Tokenizer classes form an hierarchy:
line¶
line(eol="\n", tab_width=0, line_comment=None, inline_comment=None, keep_indent=False, string_quote=None, rewrite=None)
Basic tokenizer, converting line of config into line of tokens,
separating by spaces and
grouping strings together into single tokens and removing comments.
Line tokenizer is suitable when each line of configuration is
completely self-sufficient and does not depends on previous or
following lines.
Though usable by itself, usually used as base class for more
advanced tokenizers.
:param eol: End-of-line separator.
:param tab_width: When non-zero replace tabs with `tab_width` spaces
:param line_comment: When non-empty sets the sequence which
starts whole-line comments. I.e. line containing starting spaces
followed with `line_comment` are completely removed from output.
(Like `!` in Cisco IOS comments)
:param inline_comment: When non-empty sets the sequence which
starts inline comments. Unlike the `line_comments` which cover
whole line, `inline_comment` yields non-empty parts of
lines before `inline_comments`
(Like `#` in Python or `//` in C).
:param keep_indent: When False removes leading spaces. When True retains
leading spaces as single token containing only spaces.
:param string_quote: When non-empty group tokens together when
enclosed in `string_quote`. (Like `"` in Python).
:param rewrite: List of tuples of (compiled regular expression, replacement)
to fix input formatting glitches.
context¶
context(end_of_context=None, contexts=None, **kwargs)
Descendant of :ref:`line<dev-confdb-tokenizer-line>` tokenizer.
Adds extra ability to determine and stack current
contexts from previous lines and apply current
context to each output line of tokens automatically.

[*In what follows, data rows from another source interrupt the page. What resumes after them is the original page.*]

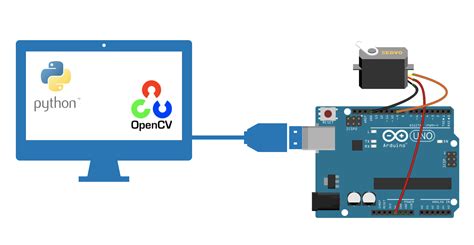 Image result for Computer Vision OpenCV Python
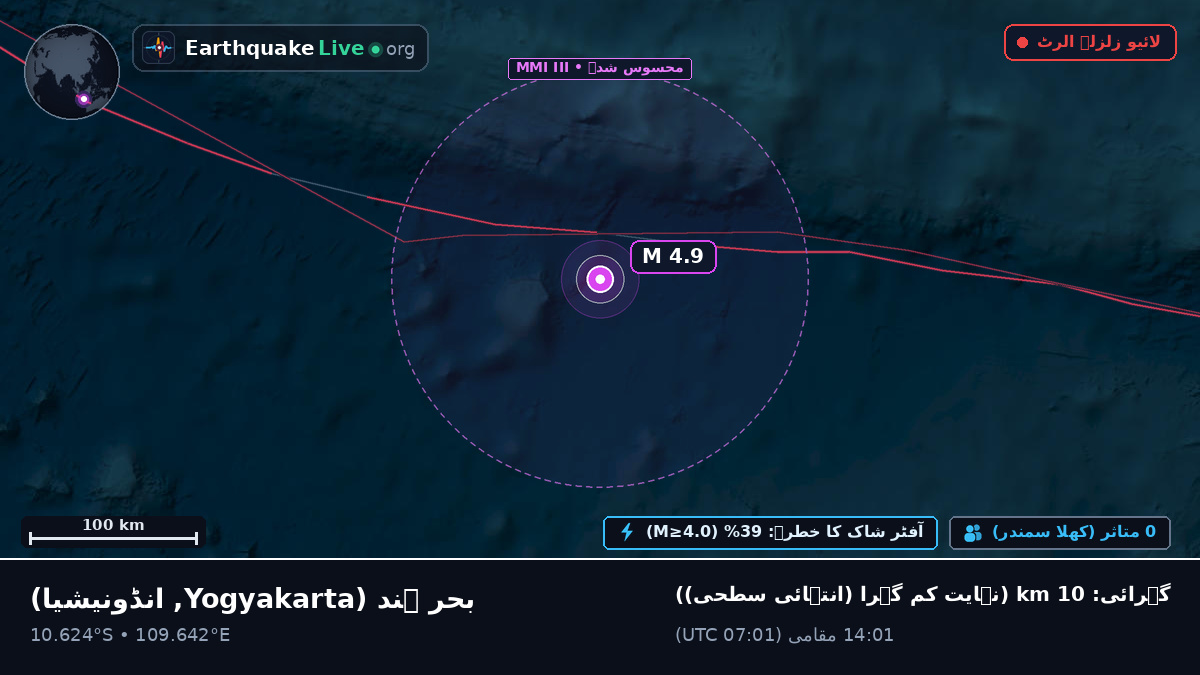 بحر ہند (انڈونیشیا)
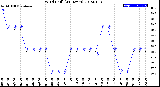 Milwaukee Weather Wind Chill<br>(24 Hours)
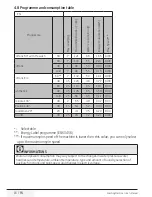 Preview for 16 page of Beko EV 7103 User Manual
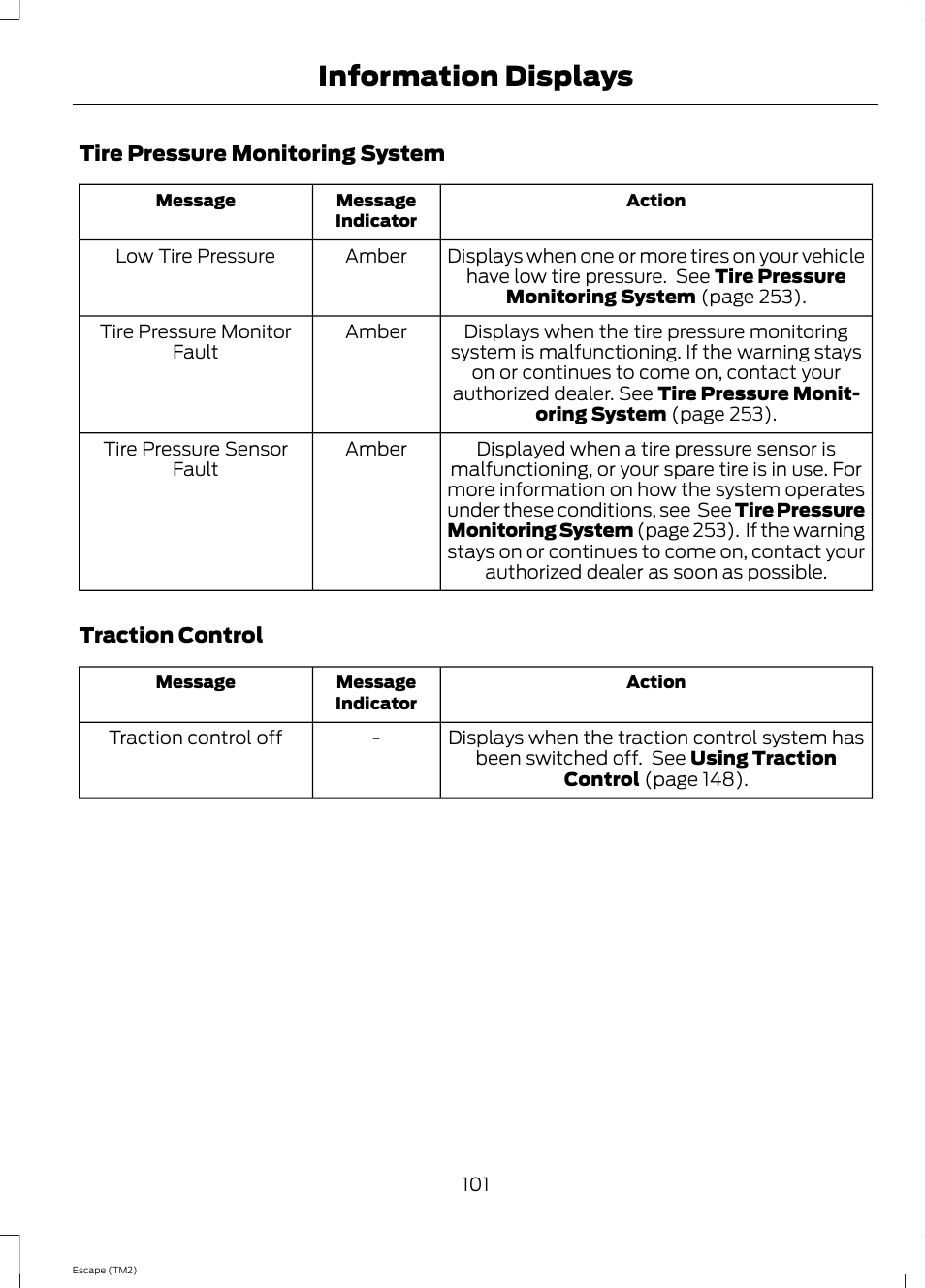 Information displays | FORD 2014 Escape v.3 User Manual | Page 104 / 434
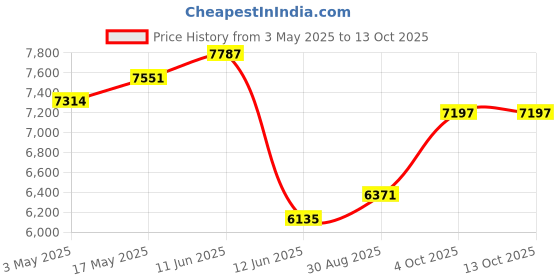 industrybuying.com MULTICOMP PRO Pressure Switches PRESSURE SW, SPDT, 15 TO 60PSI, 1/8", PSF103-9061-906 multicomp pro Price History Graph from 3 May 2025 to 13 Oct 2025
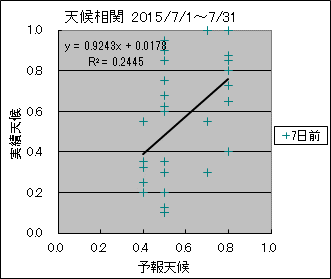 �V�󑊊ց@�V���O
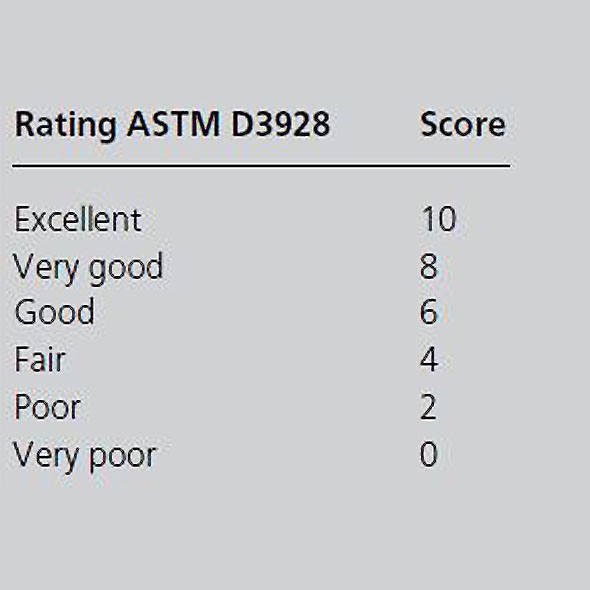Rating ASTM.jpg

Accepts all parameters of :ref:`line<dev-confdb-tokenizer-line>`
with extra new parameters:
:param end_of_context: When non-empty sets explicit context
termination sequence (Like `}` or `end`). When explicit context
termination token found at the start of the line, current context
closed and removed from stack of context and previous context
became current
:param contexts: When non-empty sets a list of explicit start
of context matching strings. When found from the start of the
line the new context is automatically created and pushed to
the top of the stack
indent¶
indent(end_of_context=None, **kwargs)
Descendant of :ref:`context<dev-confdb-tokenizer-context>`. Context
are detected by start of line indents, like the Python programming
language and the :ref:`IOS-like<profile-Cisco.IOS>` configs.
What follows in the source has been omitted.